Bourdain speaks at length about his own past drug use, tracing it back to a formative early-'70s summer in Provincetown, Massachusetts. As Bourdain walks viewers by his old beach house and former summer haunts, he wonders aloud: "What the hell happened?" How did the region become "ground zero" for the current heroin epidemic? In between talks with former dealers and a session at the Recover Project, Bourdain also finds time to board a Massachusetts scallop boat, go bowling, and attend an old-fashioned clambake, straddling the lines between waning traditions and emerging problems. Here now, in the tradition of the Quotable Bourdain, the best lines from the episode.
1) On the site of all his indiscretions: "I love the beach. I pretty much had my first everything on a beach. You name it — first time I did it — beach."
2) On spending his younger days working at the beach: "It's an amazing spot, if you think about it: a bunch of knuckleheads working as dishwashers, waiters, pizza servers, that you could live on a beach like this. Happier, stupider times."

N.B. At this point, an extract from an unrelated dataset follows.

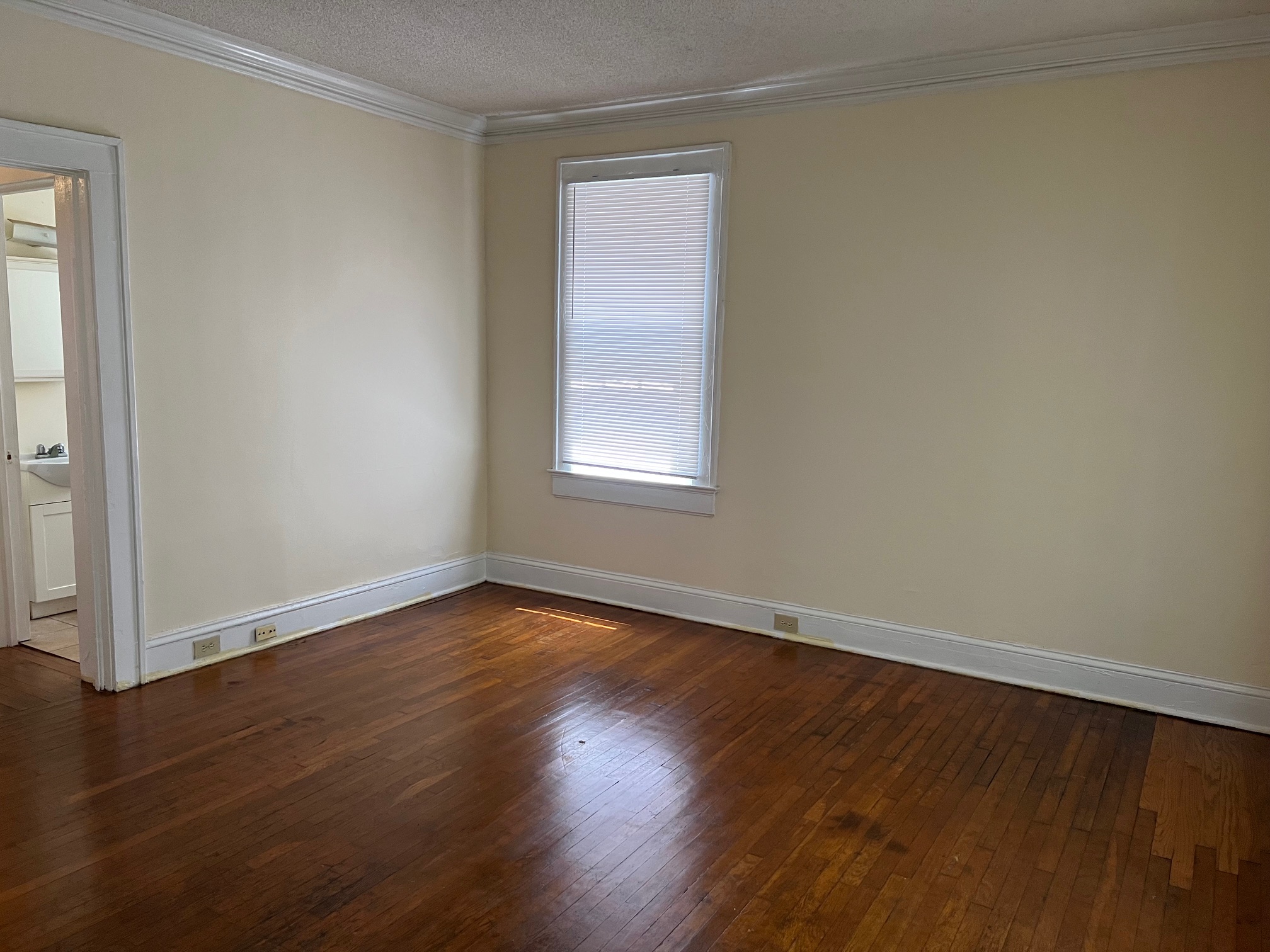 1975 Vineville Avenue - C-2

3) On sonic memories: "If you put on Marvin Gaye right now, I'd burst into tears."
4) On the aura surrounding Provincetown, Massachusetts: "Provincetown: a wonderland of tolerance with a longtime tradition of accepting artists, writers, the badly behaved, the gay, the different. It was paradise. The joy that can only come with the absolute certainty that you were invincible; that none of the choices that you'd make would have any repercussions or any effect on your later life. We didn't think about those things."

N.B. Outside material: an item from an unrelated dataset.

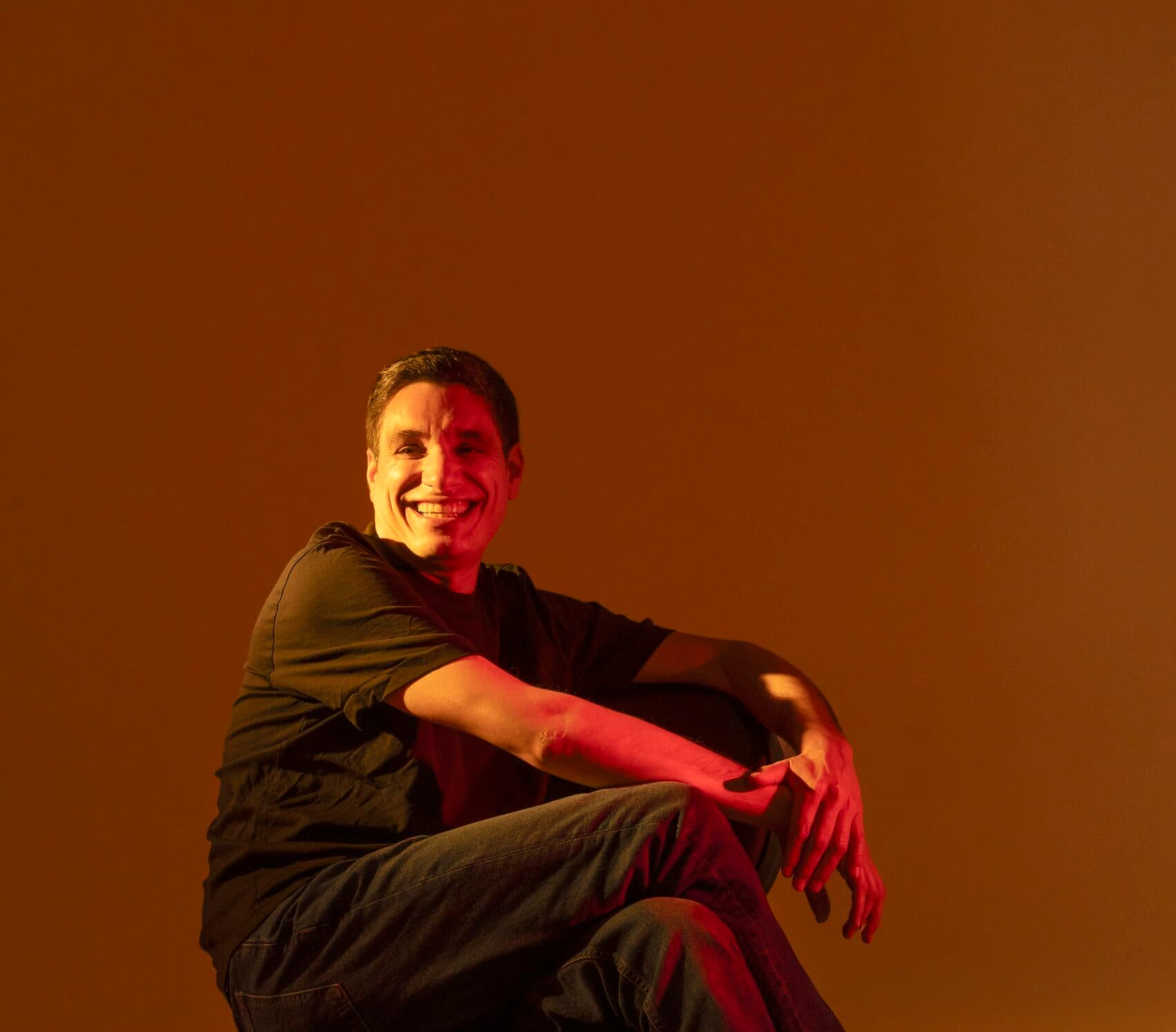 NICOLÁS DEMATTEI, Elegancia hipnótica y alma clubber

5) On his former haunt, the Lobster Pot: "My friends worked in the kitchen here, starting the tradition among my set that cooking work was noble toil."

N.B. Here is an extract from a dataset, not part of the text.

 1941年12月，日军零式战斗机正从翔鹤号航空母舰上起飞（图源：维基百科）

6) On P-Town's Atlantic House, the oldest operating gay bar in the country: "Everybody has come through these doors, so to speak: Most notably, a naked and frolicking Tennessee Williams."
7) On his familiarity with fishing boats: "I'm sure I'll be fine. I've watched the Deadliest Catch."
8) On the diminishing returns for full-time fishermen: "The payout ain't much. Do the math: A good day of scalloping brings in, say, 9,000 bucks. From that $9,000, take away $3,000 for the lease, a thousand for fuel, and split the remainder amongst the crew."
9) On the satisfaction of "earning" his meal: "As brawny, hardworking men of the sea, we deserve these beers, these finest of all oysters, the Wellfleets."
10) On downing shots of booze with a crew of fishermen: "This is going to end badly."
11) On the temptations of Provincetown: "That was the Sodom-and-Gommorah-by-the-Sea over there, a big candy store for a horny, stupid, 17-year-old with a taste for chemicals."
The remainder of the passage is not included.